Film d’animation franco-belgo-luxembourgeois de Sylvain Chomet (2025), avec (voix) Laurent Lafitte, Géraldine Pailhas, Thierry Garcia, Elsa Pérusin, Olivia Gotanegre, Noa Staes, Martin Meersman, Lohen Van Houtte, Véronique Philipponnat, Anaïs Petit, Vincent Fernandel, Shane Attwooll… 1h30. Sortie le 15 octobre 2025.





Sylvain Chomet occupe une place très à part dans le paysage du cinéma d’animation. Un peu comme s’il s’était trompé d’époque et souhaitait exalter une époque révolue. Les triplettes de Belleville (2003) a révélé en lui un incorrigible nostalgique capable d’établir une correspondance entre une France rêvée et un graphisme rassurant. C’est en toute logique que lui a été confiée la réalisation de L’illusionniste (2010), un projet inabouti de Jacques Tati qui prolongeait cette impression, sans pour autant succomber au fameux syndrome du “C’était mieux avant” qui menaçait de devenir à plus ou moins long terme sa marque de fabrique. C’est en toute logique qu’il s’est attaqué ensuite à un biopic à haut risque. Marcel et Monsieur Pagnol relate la vie aujourd’hui oubliée d’un écrivain-cinéaste que son œuvre a fini par éclipser, alors même que son existence a été romanesque en diable, comme l’attestent ses fameux volumes de mémoires qu’on étudie dans les écoles et qui constitué le premier contact de Chomet avec Pagnol. Restait pour le réalisateur à résoudre une somme impressionnante de problèmes. Évoquer la personnalité de l’auteur de La femme du boulanger, qui avait fait dire à Orson Welles que Raimu était le plus grand acteur du monde, c’est aussi convoquer des figures familières de notre imaginaire, de Fernandel à Louis Jouvet, avec tout ce qu’implique un tel processus créatif, à commencer par les attitudes et les voix que le cinéma traditionnel à immortalisés dans d’innombrables classiques. Évoquer Pagnol, c’est se frotter à la verve d’une langue superbe, mais aussi à une œuvre de cinéaste qui fait fi des époques.

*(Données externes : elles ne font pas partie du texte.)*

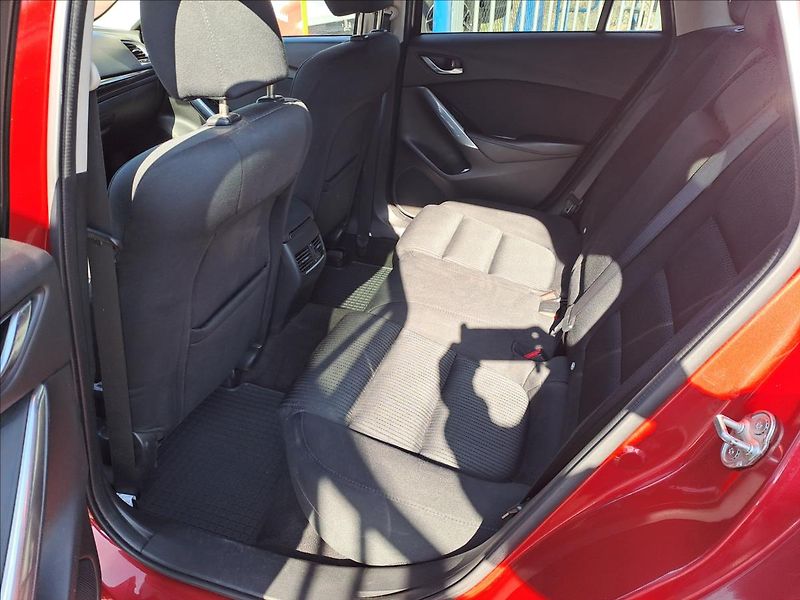 Mazda 6 2,2 Skyactiv-D KOUPENO CZ - fotka 6 z 17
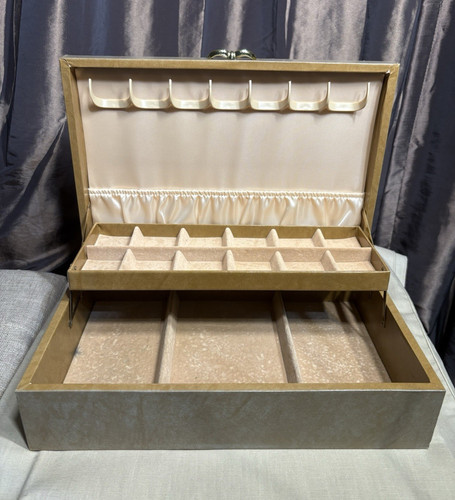 Vintage mele jewelry - box, tan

Marcel et Monsieur Pagnol réussit la prouesse de reconstituer la Provence de Pagnol, en restant fidèle à l’esprit et à la lettre de ce créateur qui connut tous les succès, là où le malheur se révèle souvent plus fertile que la réussite sur le plan dramaturgique. Sylvain Chomet se frotte là pour la première fois au numérique, mais demeure fidèle à son goût pour la nostalgie. Soucieux de coller à la vérité, il intègre dans certaines séquences des images d’archive et même des extraits de films. Comme pour mieux souligner que cette histoire s’inscrit dans un contexte réel et montrer qu’il n’est pas dupe de la magie du cinéma. Nul besoin d’être un connaisseur de Pagnol pour apprécier le traitement de choix que lui a appliqué Chomet. Sur le plan vocal, notamment, il a pris tous les risques, qu’il s’agisse de confier à Laurent Lafitte le rôle de Marcel Pagnol à tous les stades de sa vie ou de demander à l’humoriste Thierry Garcia de prêter sa voix à la fois à Raimu et Fernandel. Des paris gagnants qui témoignent du perfectionnisme d’un des rares réalisateurs d’animation passé par la bande dessinée à s’être frotté aussi au cinéma en prises de vues réelles avec Attila Marcel (2013), en réussissant à rester fidèle à son sens de la poésie et son goût pour les grands sentiments. Son nouveau film est une merveille absolue qui fait honneur au cinéma français en rendant le plus vibrant des hommages à travers un pionnier du parlant dont la modernité continue à émerveiller par sa fraîcheur et l’universalité de ses thèmes de prédilection. Marcel et Monsieur Pagnol s’impose comme un classique instantané et une pure merveille.